The past year has literally been a blur and even though there is a lot that I accomplished, I have regrets.
If you can figure out what you want now, don’t hold back. Whether it is changing or adding a major, getting that internship that will lead you on the path to success, asking out that special someone you’ve been eyeing all year, applying to study abroad, do it now because if you don’t, I promise the moment will pass you by.
Being the News Editor of the New U has given me a place where I finally feel like I belong. I finally feel like I have a purpose and job that requires responsibility. I finally have a place to go where seemingly mundane things such as disputing whether or not the word ‘a’ should be capitalized or not truly matters. I know that someone understands my love and attention to words when the usage of words are challenged and reconsidered after each week’s publication.
But more than that, I have a group of people who I can call friends. A group of people who called or sent a friendly message my way after knowing I had been in a car accident.
Unlike other more prepared graduating students, I will be unemployed after school ends and I don’t have a graduate school waiting for my arrival in the fall. My life is a black abyss, a question mark. I constantly wrestle with answering that life-long question, ‘What are you going to be when you grow up?’

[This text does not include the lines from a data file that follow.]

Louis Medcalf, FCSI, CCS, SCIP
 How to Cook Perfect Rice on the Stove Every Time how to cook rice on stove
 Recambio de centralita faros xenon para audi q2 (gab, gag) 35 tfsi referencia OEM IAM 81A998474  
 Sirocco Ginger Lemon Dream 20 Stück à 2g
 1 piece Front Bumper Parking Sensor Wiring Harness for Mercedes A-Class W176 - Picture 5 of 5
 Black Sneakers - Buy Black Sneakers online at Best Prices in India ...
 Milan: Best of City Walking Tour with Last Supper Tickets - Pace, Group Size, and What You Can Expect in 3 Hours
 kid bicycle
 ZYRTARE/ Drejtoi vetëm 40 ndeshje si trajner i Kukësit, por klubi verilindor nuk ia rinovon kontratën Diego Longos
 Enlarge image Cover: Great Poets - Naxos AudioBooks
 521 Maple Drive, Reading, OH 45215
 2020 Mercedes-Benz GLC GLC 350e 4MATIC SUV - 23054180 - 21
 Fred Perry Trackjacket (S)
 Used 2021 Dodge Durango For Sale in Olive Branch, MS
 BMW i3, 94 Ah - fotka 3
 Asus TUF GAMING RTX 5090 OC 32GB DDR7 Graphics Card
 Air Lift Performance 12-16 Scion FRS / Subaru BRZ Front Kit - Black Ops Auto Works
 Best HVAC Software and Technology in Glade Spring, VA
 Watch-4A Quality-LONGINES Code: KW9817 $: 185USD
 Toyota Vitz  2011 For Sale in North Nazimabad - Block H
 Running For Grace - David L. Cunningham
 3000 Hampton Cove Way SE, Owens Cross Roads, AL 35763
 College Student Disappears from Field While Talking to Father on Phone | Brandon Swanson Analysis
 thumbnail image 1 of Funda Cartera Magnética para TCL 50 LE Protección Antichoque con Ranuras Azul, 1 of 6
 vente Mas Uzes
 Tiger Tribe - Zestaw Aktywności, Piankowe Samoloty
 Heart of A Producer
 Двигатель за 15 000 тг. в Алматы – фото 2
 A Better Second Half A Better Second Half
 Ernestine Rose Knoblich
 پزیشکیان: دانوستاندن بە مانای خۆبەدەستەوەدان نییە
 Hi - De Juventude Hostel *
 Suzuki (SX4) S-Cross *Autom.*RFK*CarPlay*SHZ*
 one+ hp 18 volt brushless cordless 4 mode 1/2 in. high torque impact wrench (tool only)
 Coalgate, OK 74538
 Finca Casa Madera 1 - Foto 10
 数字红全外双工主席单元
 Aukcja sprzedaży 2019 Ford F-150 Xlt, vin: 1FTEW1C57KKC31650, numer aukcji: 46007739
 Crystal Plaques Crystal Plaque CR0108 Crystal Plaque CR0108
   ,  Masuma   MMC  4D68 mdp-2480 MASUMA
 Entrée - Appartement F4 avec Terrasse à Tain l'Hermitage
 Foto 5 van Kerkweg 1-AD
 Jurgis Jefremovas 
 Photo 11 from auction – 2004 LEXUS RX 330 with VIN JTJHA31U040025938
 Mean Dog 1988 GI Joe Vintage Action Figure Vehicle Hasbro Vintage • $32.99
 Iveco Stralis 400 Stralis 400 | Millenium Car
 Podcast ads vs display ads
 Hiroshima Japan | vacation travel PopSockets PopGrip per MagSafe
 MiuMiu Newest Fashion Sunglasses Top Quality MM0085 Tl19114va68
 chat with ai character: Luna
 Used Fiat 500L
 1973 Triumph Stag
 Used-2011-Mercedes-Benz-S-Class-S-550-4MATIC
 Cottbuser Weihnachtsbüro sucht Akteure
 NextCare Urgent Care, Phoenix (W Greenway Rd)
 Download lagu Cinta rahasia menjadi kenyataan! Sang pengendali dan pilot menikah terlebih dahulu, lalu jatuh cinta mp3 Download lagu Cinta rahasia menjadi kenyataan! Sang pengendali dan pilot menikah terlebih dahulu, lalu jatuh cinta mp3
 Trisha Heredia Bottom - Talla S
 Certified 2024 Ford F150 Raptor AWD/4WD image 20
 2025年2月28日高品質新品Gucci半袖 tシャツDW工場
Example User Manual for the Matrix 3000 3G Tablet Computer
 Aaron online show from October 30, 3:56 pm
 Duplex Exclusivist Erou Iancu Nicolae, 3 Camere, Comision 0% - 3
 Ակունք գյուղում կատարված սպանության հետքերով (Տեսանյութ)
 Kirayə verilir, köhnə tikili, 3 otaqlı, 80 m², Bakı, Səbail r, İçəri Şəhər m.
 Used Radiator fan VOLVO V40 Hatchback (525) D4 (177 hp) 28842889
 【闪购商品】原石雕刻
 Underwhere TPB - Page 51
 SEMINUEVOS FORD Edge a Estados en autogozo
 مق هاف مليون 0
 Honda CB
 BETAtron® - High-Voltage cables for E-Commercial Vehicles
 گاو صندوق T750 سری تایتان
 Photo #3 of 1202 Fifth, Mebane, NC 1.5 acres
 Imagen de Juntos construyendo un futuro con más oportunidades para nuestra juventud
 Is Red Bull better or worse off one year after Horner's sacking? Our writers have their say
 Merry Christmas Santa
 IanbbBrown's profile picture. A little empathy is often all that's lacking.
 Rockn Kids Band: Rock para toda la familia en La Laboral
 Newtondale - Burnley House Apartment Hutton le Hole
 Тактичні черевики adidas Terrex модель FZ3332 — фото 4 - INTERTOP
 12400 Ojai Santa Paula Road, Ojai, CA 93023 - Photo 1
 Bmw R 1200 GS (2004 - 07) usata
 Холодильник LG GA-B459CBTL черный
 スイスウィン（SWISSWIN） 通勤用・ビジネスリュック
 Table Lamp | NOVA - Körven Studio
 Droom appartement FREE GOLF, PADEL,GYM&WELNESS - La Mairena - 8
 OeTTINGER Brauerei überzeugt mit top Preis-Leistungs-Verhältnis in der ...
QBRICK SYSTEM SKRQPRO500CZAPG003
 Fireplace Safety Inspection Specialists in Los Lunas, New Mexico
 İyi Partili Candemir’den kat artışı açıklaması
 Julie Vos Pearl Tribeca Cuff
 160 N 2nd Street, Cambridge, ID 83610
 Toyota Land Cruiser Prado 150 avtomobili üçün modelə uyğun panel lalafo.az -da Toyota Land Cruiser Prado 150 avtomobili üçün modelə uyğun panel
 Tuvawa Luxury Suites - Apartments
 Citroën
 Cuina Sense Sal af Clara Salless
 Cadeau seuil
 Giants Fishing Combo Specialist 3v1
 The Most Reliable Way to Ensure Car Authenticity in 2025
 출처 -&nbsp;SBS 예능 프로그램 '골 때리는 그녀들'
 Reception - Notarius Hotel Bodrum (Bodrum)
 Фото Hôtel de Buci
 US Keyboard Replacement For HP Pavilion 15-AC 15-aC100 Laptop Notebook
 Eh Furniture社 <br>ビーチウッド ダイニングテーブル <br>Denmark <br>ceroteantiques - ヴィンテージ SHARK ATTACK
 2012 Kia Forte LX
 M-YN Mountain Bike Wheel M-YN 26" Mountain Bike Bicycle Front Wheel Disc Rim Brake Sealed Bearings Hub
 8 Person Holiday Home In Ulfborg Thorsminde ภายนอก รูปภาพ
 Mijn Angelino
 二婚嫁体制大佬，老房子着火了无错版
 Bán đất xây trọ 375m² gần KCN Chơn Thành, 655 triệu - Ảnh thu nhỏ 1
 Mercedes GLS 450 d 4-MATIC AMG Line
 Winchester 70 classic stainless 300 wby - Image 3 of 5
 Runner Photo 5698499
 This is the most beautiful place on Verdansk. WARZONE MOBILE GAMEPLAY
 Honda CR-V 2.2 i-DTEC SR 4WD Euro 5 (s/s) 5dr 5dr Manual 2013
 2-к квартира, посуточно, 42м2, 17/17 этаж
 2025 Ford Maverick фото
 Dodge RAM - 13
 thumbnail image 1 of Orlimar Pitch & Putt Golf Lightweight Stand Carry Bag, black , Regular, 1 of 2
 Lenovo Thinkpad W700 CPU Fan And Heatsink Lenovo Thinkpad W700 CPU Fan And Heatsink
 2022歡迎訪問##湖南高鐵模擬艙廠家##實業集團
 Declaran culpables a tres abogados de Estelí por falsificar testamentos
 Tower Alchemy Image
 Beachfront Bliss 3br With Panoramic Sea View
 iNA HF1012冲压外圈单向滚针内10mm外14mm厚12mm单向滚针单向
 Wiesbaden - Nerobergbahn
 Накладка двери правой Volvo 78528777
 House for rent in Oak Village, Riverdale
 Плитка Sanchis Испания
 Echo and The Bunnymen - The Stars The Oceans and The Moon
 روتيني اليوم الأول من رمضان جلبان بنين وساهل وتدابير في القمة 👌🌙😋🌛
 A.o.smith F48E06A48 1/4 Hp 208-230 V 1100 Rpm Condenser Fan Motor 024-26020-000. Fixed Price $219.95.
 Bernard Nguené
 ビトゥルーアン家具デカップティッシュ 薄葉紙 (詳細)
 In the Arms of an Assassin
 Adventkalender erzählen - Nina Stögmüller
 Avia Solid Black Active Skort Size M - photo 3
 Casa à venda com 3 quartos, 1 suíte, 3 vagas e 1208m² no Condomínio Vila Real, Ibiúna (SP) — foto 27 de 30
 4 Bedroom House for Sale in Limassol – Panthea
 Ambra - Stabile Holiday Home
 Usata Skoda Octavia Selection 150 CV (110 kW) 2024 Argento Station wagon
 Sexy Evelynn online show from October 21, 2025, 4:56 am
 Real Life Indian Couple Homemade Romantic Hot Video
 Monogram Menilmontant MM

I worry about moving home with my parents because my friends and my life are in Irvine. Again, life has thrown me another period which requires readjustment. I must remind myself that although I may again feel like that lost girl in a vast world, in the end things will work themselves out because they always do. If all else fails I can retreat back to Irvine and return to the New U. to old friends and familiar faces, but only for a visit.
I don’t want to let go. I won’t until it’s too late, until the system itself propels me out into the real world. Even now, I keep pushing away the reality that in less than two weeks I won’t be a part of the New U. spending long Sundays with everyone I’ve grown to know this past year. In less than a month I won’t have a room in Irvine to go to. I don’t want to graduate; I don’t want to grow up. I don’t want to think about it.

Lura Jaques is a fourth-year English major and outgoing News Editor.